**What is needed**
Print, exactly as written, the line in the entries below that contains "Outdoor Flower and" and every line after it up to and including the last. Omit pictures.

Scraped caption text data
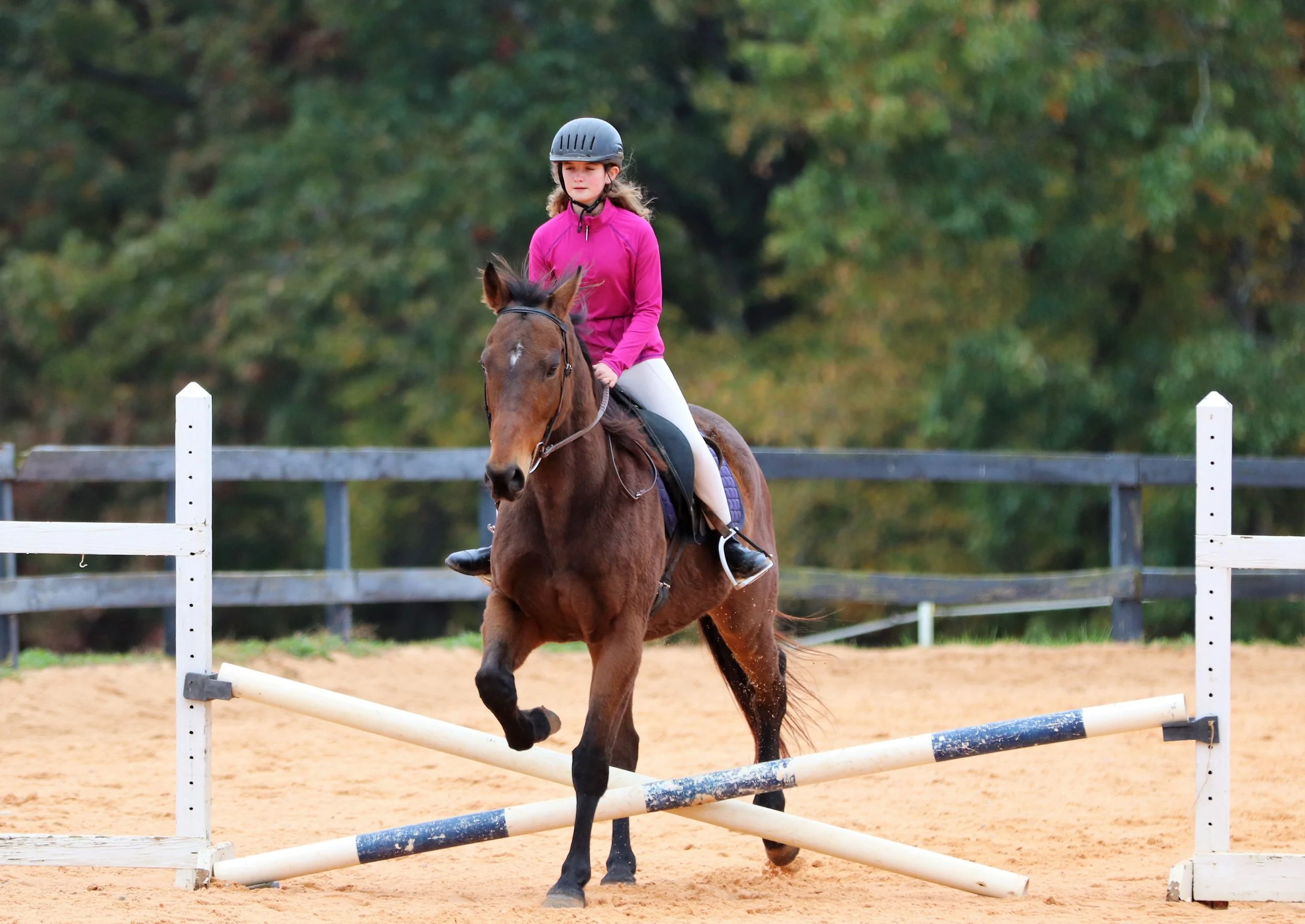 The Horses — Love Reins Equestrian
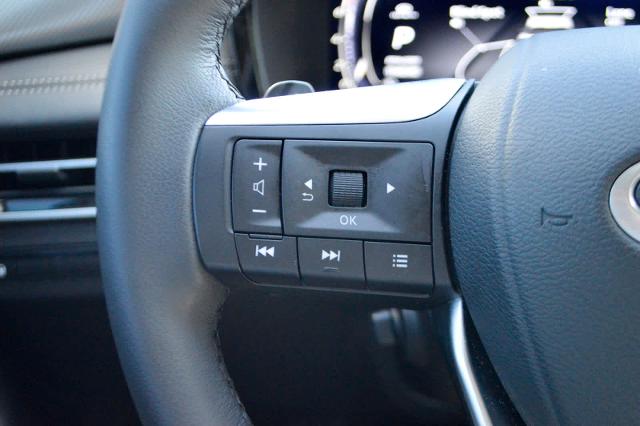 2024 INFINITI QX60 Vehicle Photo in Houston, TX 77090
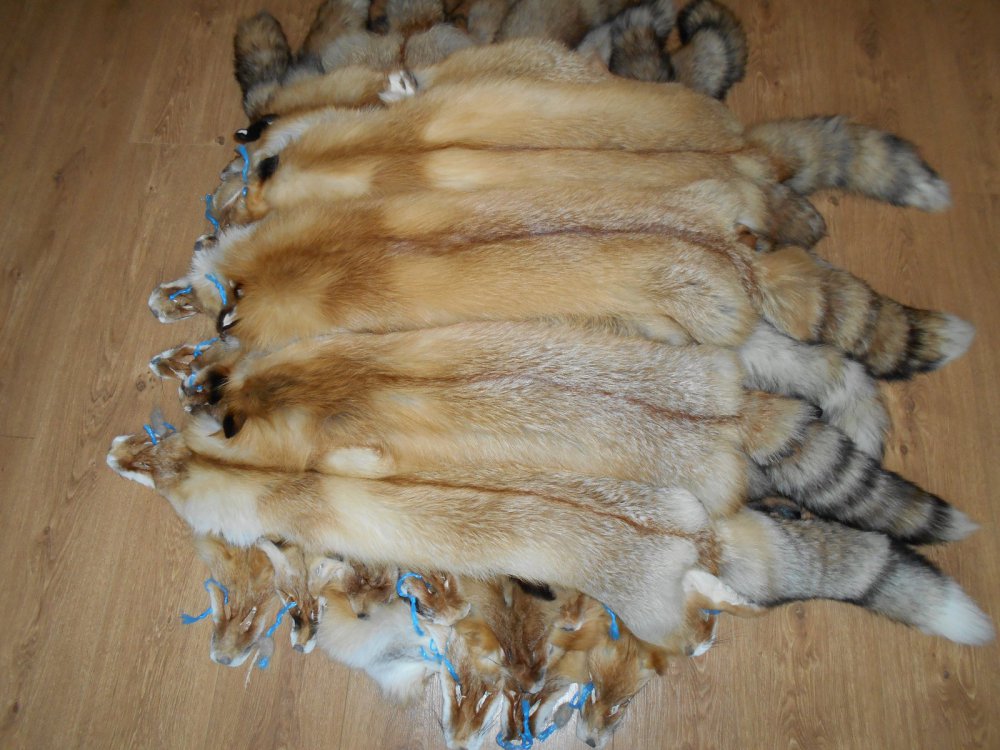 Лисы с Лисса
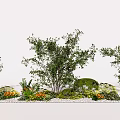 Outdoor Flower and Plant Landscape Design with Green Shrubs Colorful Blooms and Natural Greenery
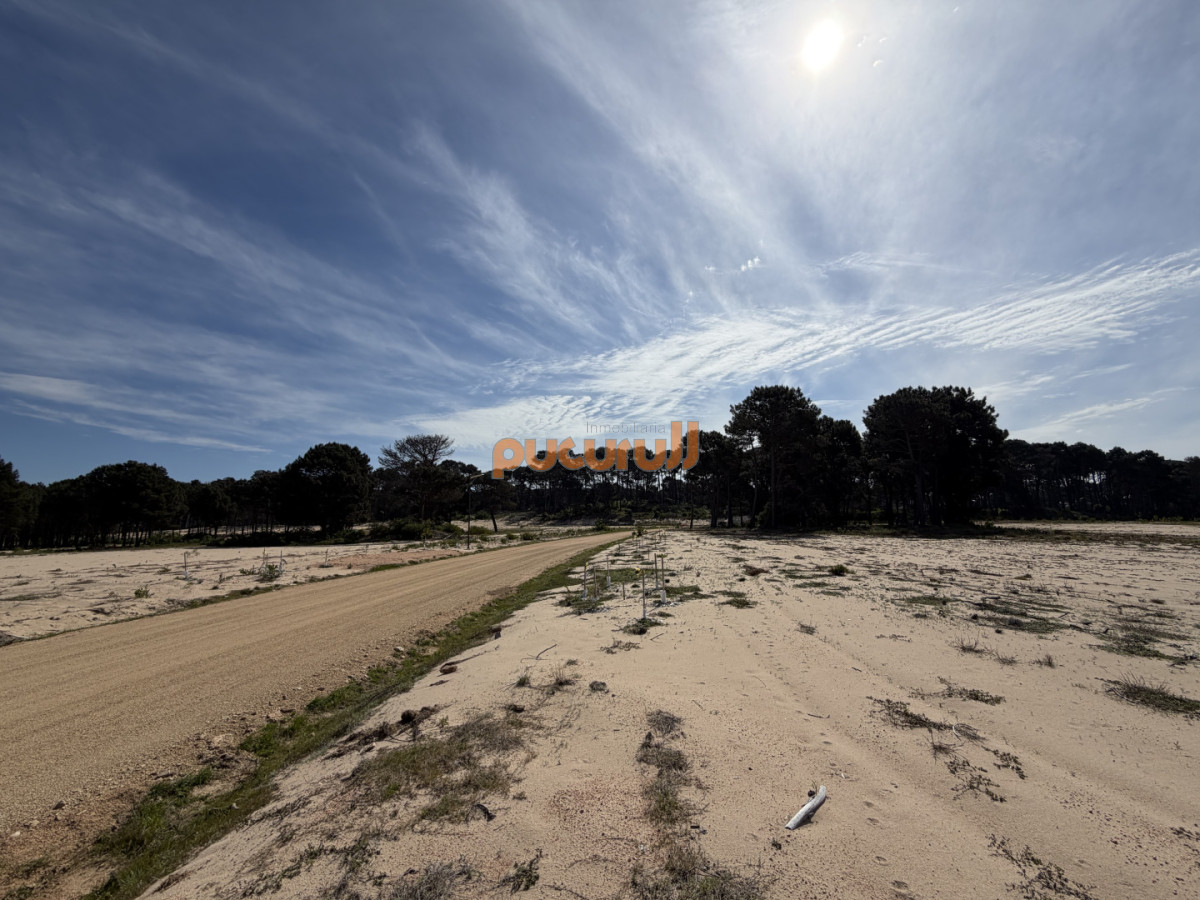 Terreno ID.3173 - Terreno de 1000 m² en La Serena - Punta Ballena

**Solved problem**
 Outdoor Flower and Plant Landscape Design with Green Shrubs Colorful Blooms and Natural Greenery
 Terreno ID.3173 - Terreno de 1000 m² en La Serena - Punta Ballena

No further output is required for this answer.